The state is providing Joliet with almost $4 million to develop a plan for neighborhoods underneath the Interstate 80 bridge and carry it out.

The Interstate 80 improvement project through Joliet includes a replacement of the two bridges that span the Des Plaines River.

Replacing the aging bridges is seen as a must by local officials.

But it also means displacing residents in two older neighborhoods on both side of the river.

The Joliet City Council on Tuesday approved an intergovernmental agreement with the Illinois Department of Transportation that provides $400,000 to develop a plan for the communities below the bridges and promises another $3.5 million to carry it out.

City officials commented at a Monday workshop meeting for the council that the agreement reflects a new way of doing businesses for the state when it comes to interstate projects that displace local neighborhoods.

“Its something we wouldn’t have seen decades ago,” interim City Manager Rod Tonelli said.

“We’ve been tapped as a better local connection to help get the plan implemented,” Tonelli said of the new agreement.

IDOT will build two new bridges – one going east and one going west – before eventually tearing down the bridges that now carry I-80 over the Des Plaines River.

Little known to the motorists who use those bridges, there are neighborhoods below where 75 houses and one major business will be displaced by the new configuration. The new bridge will take up a portion of the land now occupied by an Ozinga road construction operation.

The new bridge construction also will take up land occupied by residents on the east and west sides of the Des Plaines River.

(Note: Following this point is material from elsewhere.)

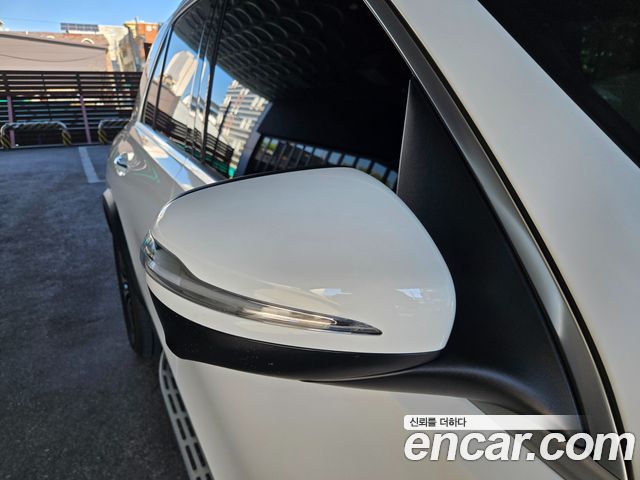 Mercedes-Benz GLE-Class 2025 — photo 8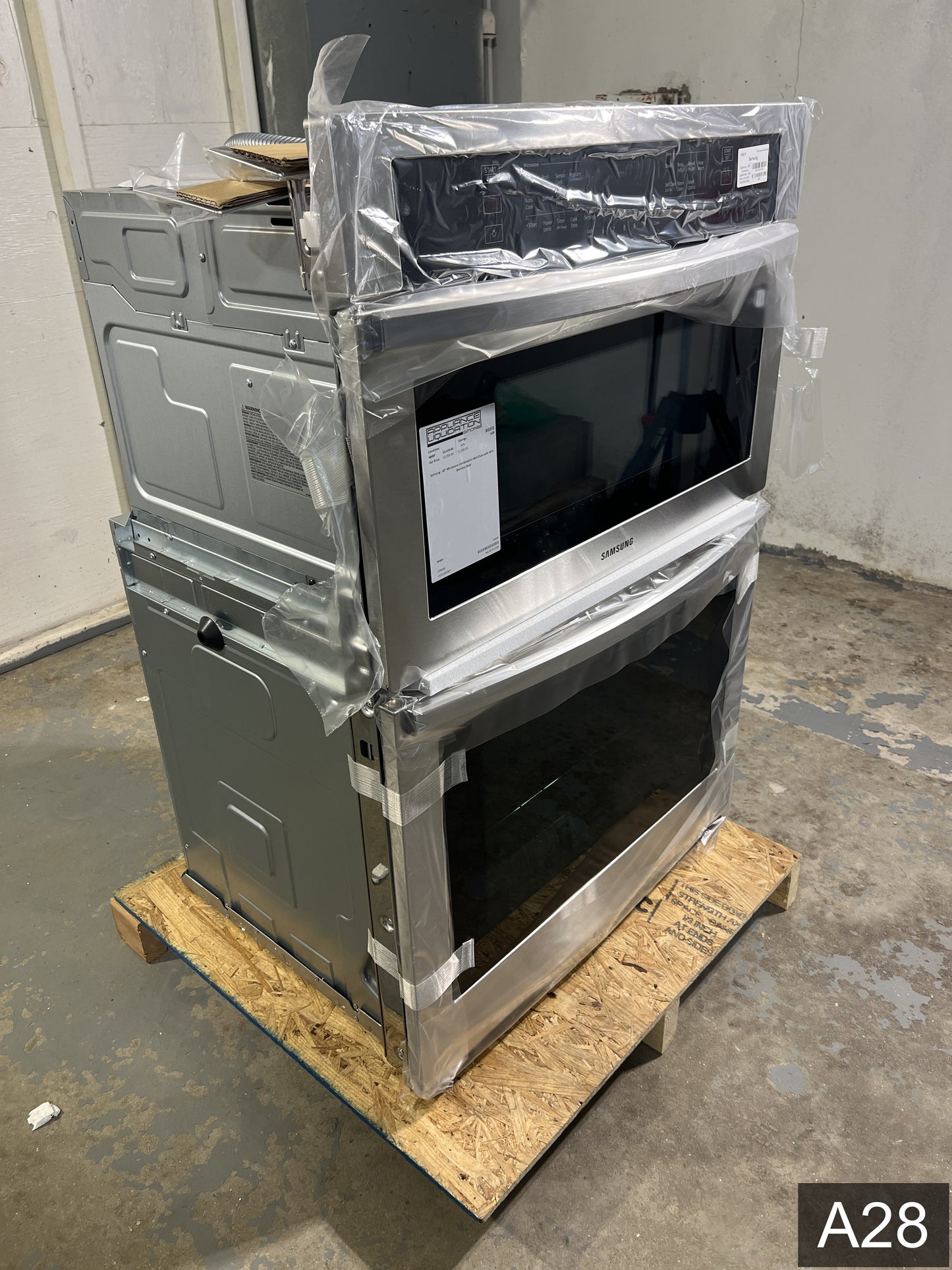 Samsung 30 inch Self + Steam Cleaning Smart Compatible Microwave Wall Oven Combo ( Stainless Steel )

Joliet Community Development Director Eva-Marie Tropper said the planning process “absolutely” will involve the community as the city prepares to get going ahead of bridge construction.

“They want to start construction on the bridge in 2026,” Tropper said.

She said the city involvement is the next step in a process in which IDOT has previously met with local residents three times.

Those meetings have led to three goals being set for future community improvements, Tropper said. They are:

• a pathway connecting residents to the south to Varnado Park, which is located off McDonough Street near the Des Plaines River.

• traffic-calming devices on Water Street.

• new sidewalks.

Other neighborhood improvements will be determined by the state-funded study, Tropper said.